I’ll admit, I’ve been a bad blogger. A good student, with my last month throughly absorbed by university assignments and then exams, but a bad blogger.
Now, with my subject load increased by a third over the last semester, I’m in the sweet week of holidays I’ve got before my next subject launches. With this window of opportunity, I’m back on the blogging bandwagon.
Even though I’m no longer in vocational ministry, Facebook seems unaware since my feed is constantly filled with updates about youth ministry and church matters.
One thing which annoys me is one particular youth ministry page which gets constantly clogged with the same kind of requests - bible studies, game ideas, sermon series promos, sermon shortcuts, design inspiration.
I get peeved because, aside from being repetitive, it feeds a damaging youth minister stereotype.
Lazy and unoriginal.
Youth ministers are just efficient searchers for resources.
They know all the good game websites.
They know where to find free sermons and kids talks.
They know where illustrations lurk on the Web.
They know which designs they can reuse, or worse, don’t care about ripping off someone else’s cool backdrops.
If you’re part time, I’ll be prepared to cut you some slack.

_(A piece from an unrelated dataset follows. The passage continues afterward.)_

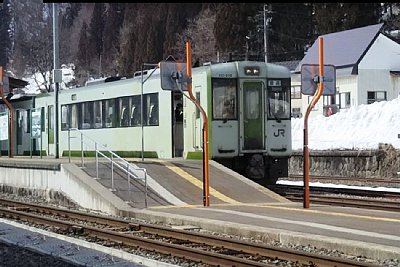キハ110系気動車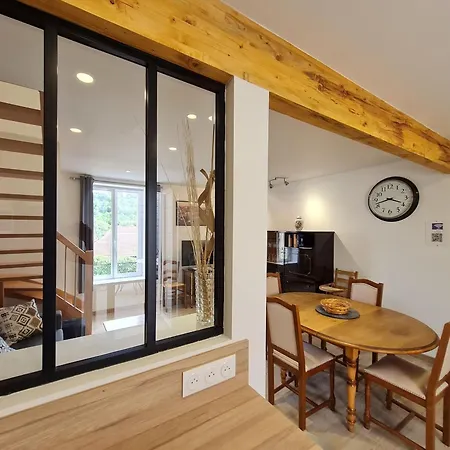 בית נופש Mirabelle *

But, really, requests that ask for a “bible study about the Old Testament” are not good enough.
Surely you have done one in the past.
Surely you could write something yourself.
Surely you have better networks then a Facebook group.
Surely you can find inspiration yourself.
But, I suspect, that the internet has helped make ministers both inferior and lazy.
They don’t think that anything they’ll create is up to scratch.
Thus, they’re hesitant to put in the time and effort to craft something themselves.